After nominating Adam and Sharon as agreed, Sheila assures us that Natalie is her real target. So she'd better hope Natalie doesn't win PoV. Natalie, unaware that everyone's now gunning for her, takes Ryan aside to say that in the event of a worst-case scenario -- namely, Sharon winning PoV -- they need to convince Sheila to send Adam home. Natalie boasts in the DR that she's "playing both sides," i.e. "Team Christ" and "Girl Power." And losing to both sides, not that she realizes this.
Sharon goes up the HoH to join Sheila and Natalie, and Sheila participates in their bitching about Adam so they don't know she's looking out for him. Later, Sheila and Adam sit at the kitchen counter as she tries to assure him that he'll be fine. Natalie joins in on the assurances. Adam is either not mollified or pretending not to be, and when Ryan comes along, he reminds Adam that he not only nominated Sheila last week, he put the whole Team Christ alliance at risk by not nominating James. Adam and Sheila start arguing with each other fairly convincingly (and earnestly, as far as I can tell), with Ryan taking Sheila's side. I'm sure Natalie is convinced. "You're not the target," Ryan reminds Adam. The target isn't even in the room...right, Natalie?
Later, when Sharon is in with the group and Natalie's the absent one, Sheila initiates a bitch session about Natalie, and everyone seems to be in agreement that she sucks. Or, in Team Christ-ese, she's Judas. Ouch. And you don't even get thirty pieces of silver for placing fifth in this game.
Late at night, Adam and Ryan are playing chess when suddenly the monitor on the wall above them changes to display an announcement: "Power of Veto Competition TONIGHT." They call the women down from the HoH room to show them, and Sheila DRs that this is probably her only chance to get Natalie out of the house. As long as Natalie doesn't win the PoV, that is. Sheila and Natalie quietly rally their respective troops, which unbeknownst to Natalie are the exact same troops.

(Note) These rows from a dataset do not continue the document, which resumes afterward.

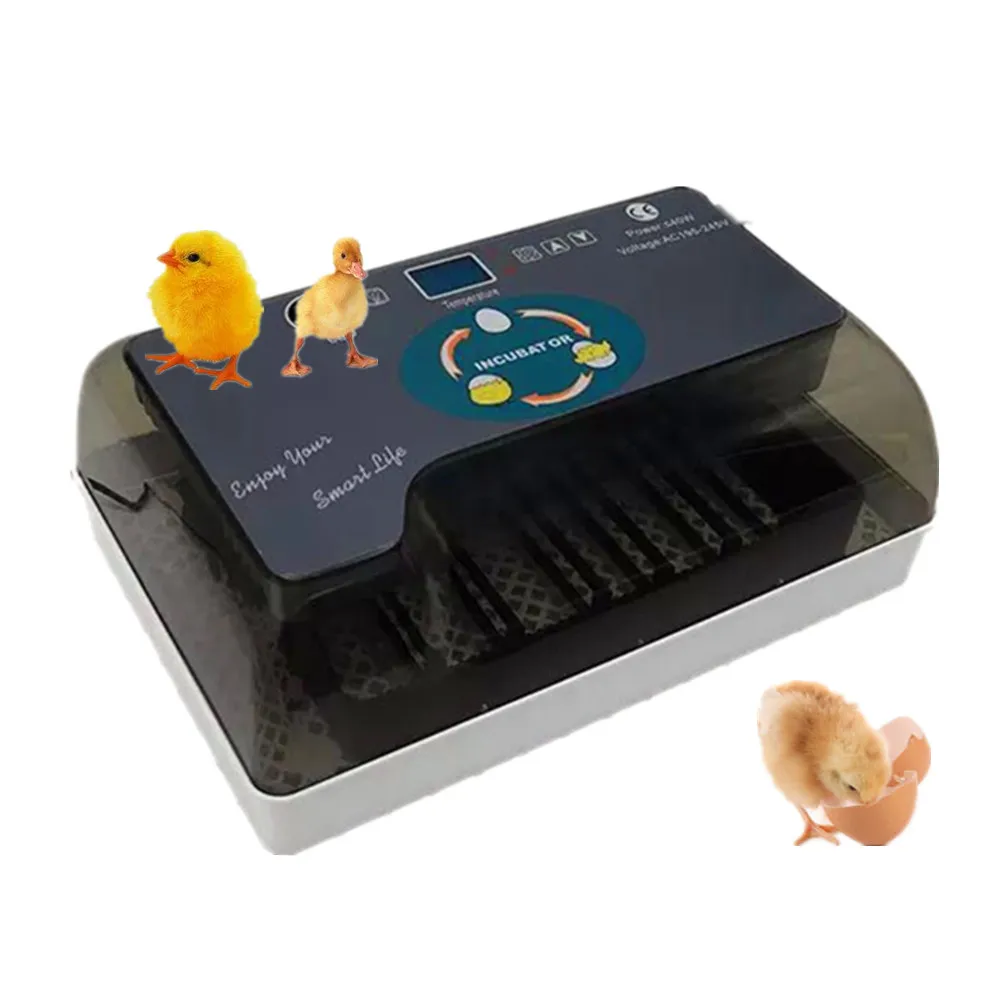 OEM US market home use puppy bird hatchery egg incubator sale | Канцтовары для офиса и дома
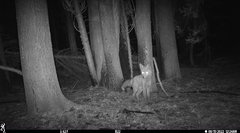 Vulpes vulpes necator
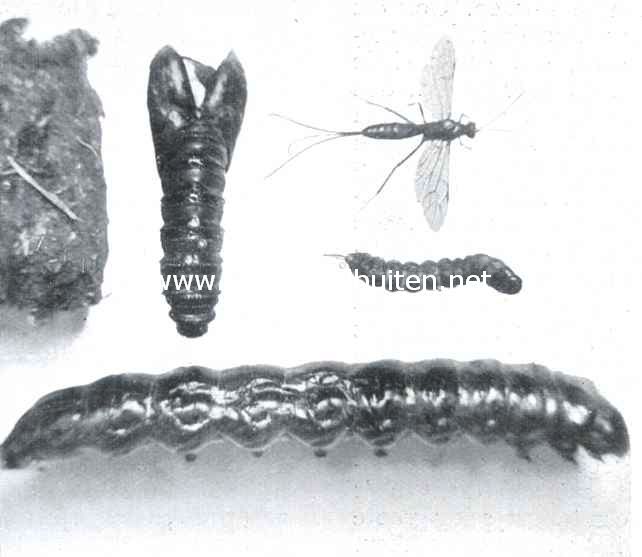 Onder: volwassen en daarboven jonge rups van Cossus (beide geprepareerde exemplaren). Rechts boven: sluipwesp (Meniscus Setosus Gr.) Links boven: pophulsel en cocon (alles iets verkleind)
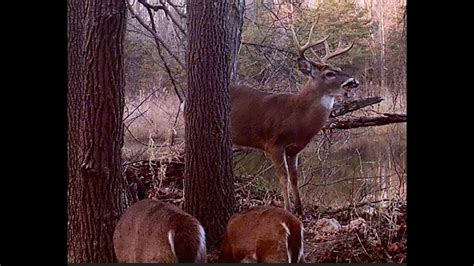 Maryland Wildlife At The Trail Cam Youtube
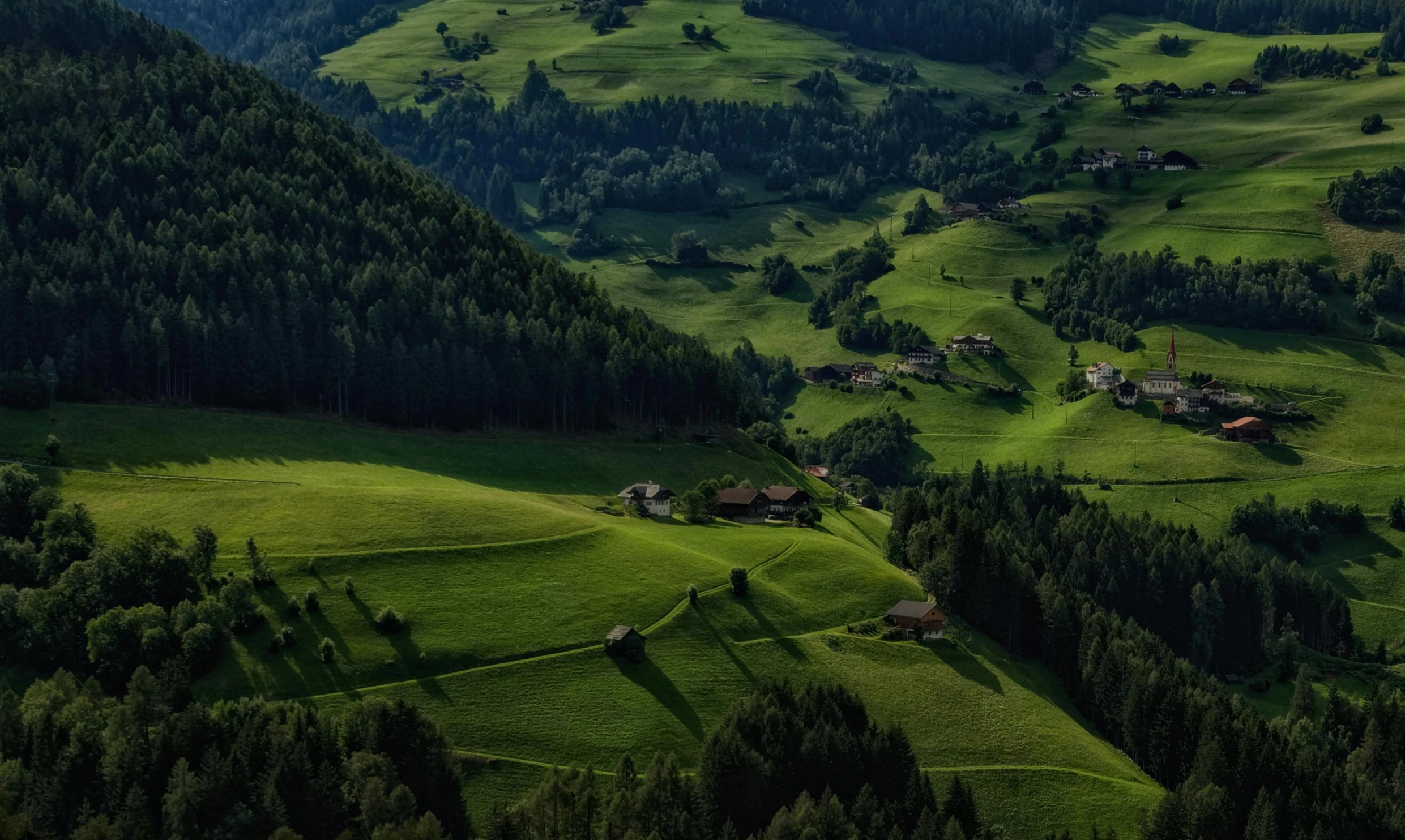 a valley filled with lots of green grass and trees, by Matthias Weischer, pexels contest winner, renaissance, few farm green highlights, early evening, conde nast traveler photo, hd footage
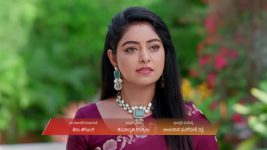Jagadhatri (zee telugu) S01 E667 17th November 2025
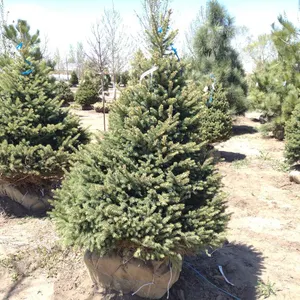 BLACK HILL SPRUCE 5'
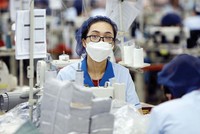 Xuất khẩu của Việt Nam sang các thị trường có FTA tăng trưởng mạnh Ảnh: Đức Thanh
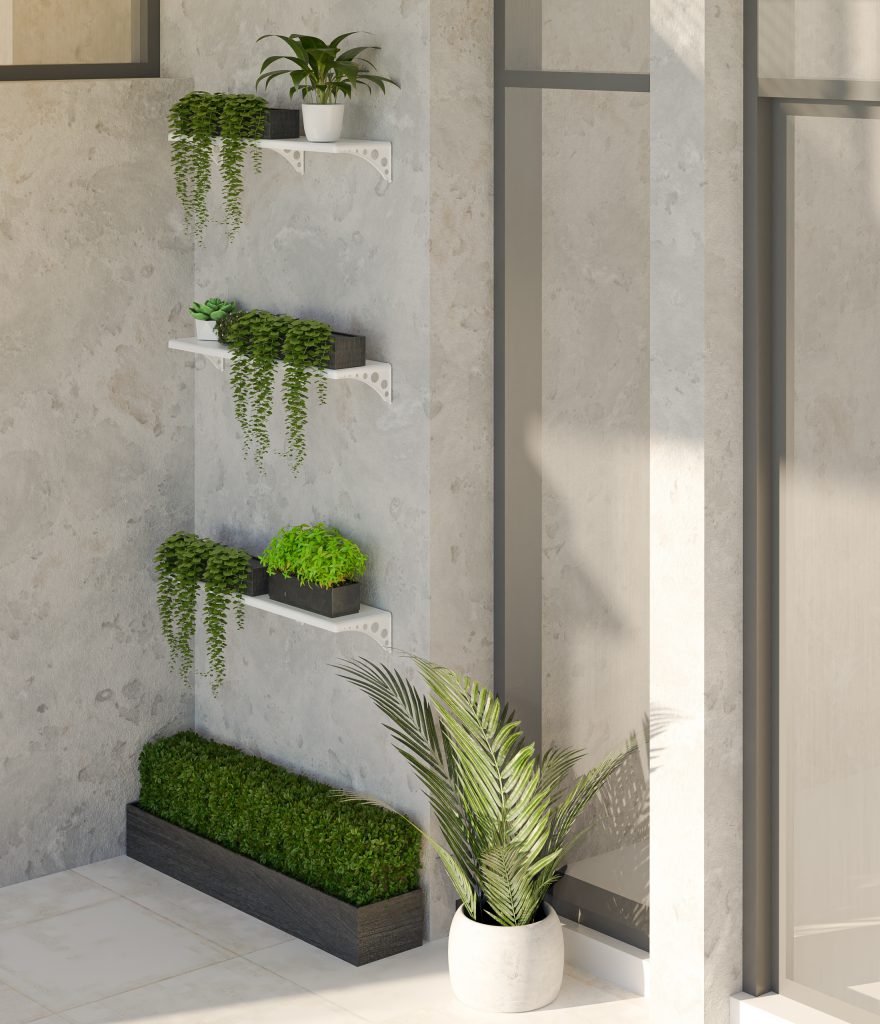 Várias plantas dispostas em prateleiras brancas fixadas em uma parede clara com aparência de cimento queimado.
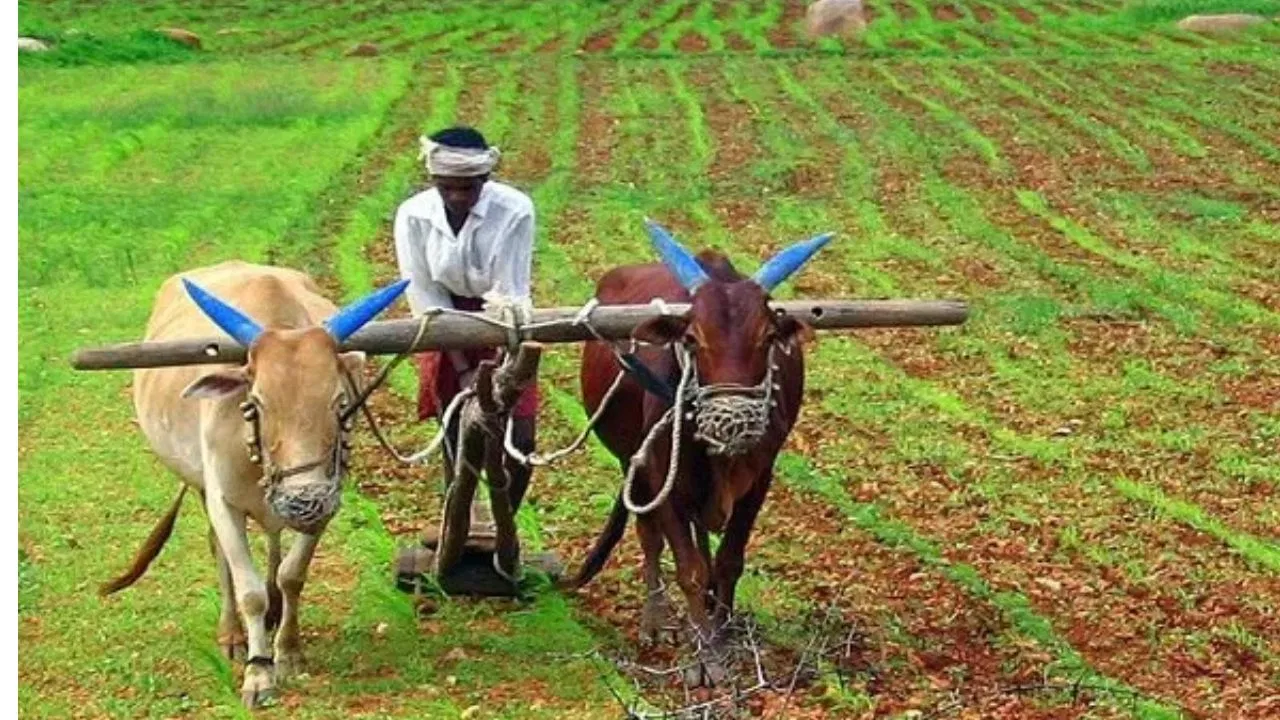 PM Kisan Yojana: नवरा-बायको दोघेही पीएम किसान योजनेचा लाभ घेऊ शकतात का? वाचा नियम काय सांगतो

After the ads, Sheila announces that everyone needs to retire to separate rooms, since it's going to be one of those one-at-a-time competitions. Natalie is the first one to be called to the back yard, and her voice in the DR while describing the scene is so scratchy and so much more annoying even than usual that I'm almost totally distracted from the giant, nine-screen TV and nine remote controls waiting there for her. Natalie reads the instructions: players will have to use the remotes to change the channels on the TVs to put together cheesy puzzles. She goes in the wrong direction for a while, trying to complete the puzzle that shows all the houseguests' heads Photoshopped onto different copies of Evel Dick's body (and I'm sure Dick just hated posing for that photo shoot). But upon realizing that's the wrong puzzle, she switches to the one of the guinea pigs sporting the various houseguests' hairstyles. Needless to say, some of those hairstyles look better on the guinea pigs. Natalie finishes, and we are given no idea as to how long it took her. I'm sure she'd be able to find some significance in the number of minutes she spent on this, though.